The price of that loss is beyond estimation. We have grown used to giving cultural artifacts a dollar figure: so many thousand for a Yeats manuscript, so many millions for a Ming porcelain. But a language is more than any artifact. You can’t slap a price tag on a language, no matter how small and obscure, any more than you can pin down the financial value of an ivory-billed woodpecker or a bill of rights.
… [In] the twenty-first century, more and more of us are aspiring to the freedom of a fluid identity — if we are equating modernity with mobility — then that freedom may be hard to reconcile with the demands of a traditional language. …[It] should be clear by now, is part of a worldwide battle to prevent language annihilation. But even this larger battle – I ask forgiveness for the metaphor-may be part of a wider war, perhaps the central one of our time: the fight to sustain diversity on a planet where globalizing, assimilating, and eradicating occur on a massive scale. As the eminent sociolinguist Joshua Fishman once observed, a question facing minority cultures is also an issue for everyone living in the contemporary age: ‘how one can build a home that one can still call one’s own and, by cultivating it, find community, comfort, companionship and meaning in a world whose mainstreams are increasingly unable to provide the basic ingredients for their own members?’ Home is a place where knowledge resonates with meaning.

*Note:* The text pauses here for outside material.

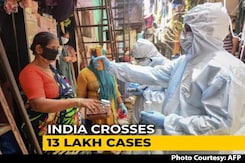 India Crosses 13 Lakh Coronavirus Cases India Crosses 13 Lakh Coronavirus Cases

Home is where the tongue is – or was.
… I have proposed various analogies to the condition of threatened tongues: locally run stores, confronted by a Wal-Mart invasion; small nations, bordered by aggressive neighbors; rare species of animals and plants, their living space depleted or overrun by intruders. The biological analogy may be the most pertinent – ‘linguistic ecology’ is now a recognized field of study, not just a figure of speech. What dialects are to languages, subspecies are to species. Chain saws and invaders menace them indiscriminately. Yet in the end, all these parallels are imperfect.
[Each unique language permits us] … to articulate a vision of the world, a vision that shapes us even as we shape it. To express what is common to all of us, along with what is different for many of us. Only by noticing the differences can we fully grasp the commonalities. Otherwise, we are restricted to the path of thinking and imagining that a single language lays down. …
What the survival of threatened languages means, perhaps, is the endurance of dozens, hundreds, thousands of subtly different notions of the truth. With our astonishing powers of technology, it’s easy for us in the West to believe we have all the answers. Perhaps we do—to the questions we have asked. But what if some questions elude our capacity to ask? What if certain ideas cannot be fully articulated in our words? ‘There are amazing things about Aboriginal languages,’ Michael Christie told me when I visited his office at Northern Territory University in Darwin. ‘Their concepts of time and agency, for example. They go right against our ideology of linear time—past, present, and future. I reckon they’d completely revolutionize Western philosophy, if only we knew more about them.’
Western linguists tend to analyze any language as though it were a machine functioning in response to precise commands. Yet machines are only one model for understanding language. In a trenchant, subversive essay entitled ‘Yolngu Linguistics,’ Michael suggested that ‘language abides in the structures of what we have learnt to be real.’